Wild Turkey Bourbon Visitors Center

Courtesy De Leon + Primmer

Wild Turkey Bourbon Visitors Center
Designer: De Leon & Primmer Architecture Workshop
Client: Wild Turkey Bourbon
Location: Lawrenceburg, Kentucky
Completion: 2013

Bourbon might be hundreds of years old, but America’s original spirit is looking younger with age. Taking cues from local craft and the surrounding landscape, Louisville-based De Leon & Primmer Architecture Workshop has designed a new $4 million visitors center for the Wild Turkey distillery in Lawrenceburg, Kentucky. Situated atop a bluff overlooking the meandering Kentucky River, the visitors center’s simple barn form is first seen through an entry sequence that gradually reveals the complexity of the project’s detailing.

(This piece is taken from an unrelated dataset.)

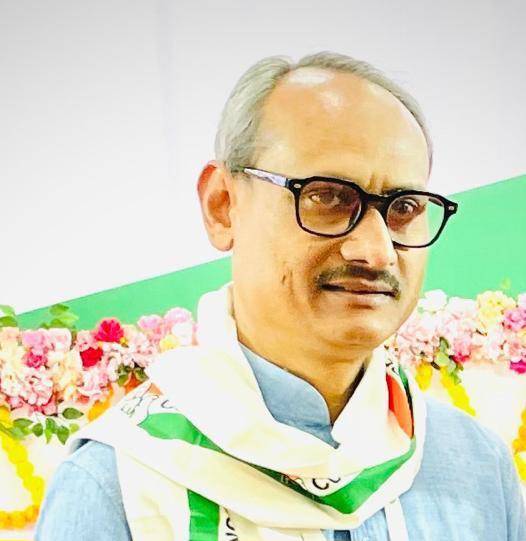 देश की सैकड़ो सरकारी संपत्ति बेचने वाले पार्टी के नेता बड़ी बातें ना करें : – शाहिद&nbsp;भाई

The facade and roof is wrapped with stained cedar siding arranged in a chevron pattern, creating a rich texture against the building’s simple form. “The design concept is inspired by local building, material, and craft precedents specific to the region and the Wild Turkey Bourbon brand,” the architects said of the project in a statement. “By alluding to these conceptual precedents in an abstract manner, the visitors center design presents a building that is simultaneously familiar and new—bridging tradition and modernity.”

 
 

At the eastern end of the visitors center, the cedar panels are pulled apart to expose the interior and serve as a sunscreen for event spaces and tasting rooms. At night, the porous quality of the latticework allows it to glow like a lantern in the heavily forested area.

Inside, a palette of contrasting dark and light colors and textures familiar in the bourbon-making process combine with sleek new materials to reinforce the combination of old and new. Reclaimed barn-wood panels of stained and charred oak—recalling the inside of a bourbon barrel—line the reception area contrasted by a bridge-like structure reminiscent of the sturdy racks found inside nearby bourbon warehouses. Ramps crisscross the building, providing for flexible exhibition space and creating moments of drama as visitors move through a grand double-height multipurpose room up to a private tasting room with panoramic views of the river.

The 9,500 square foot project is expected to be complete by the fall of 2013.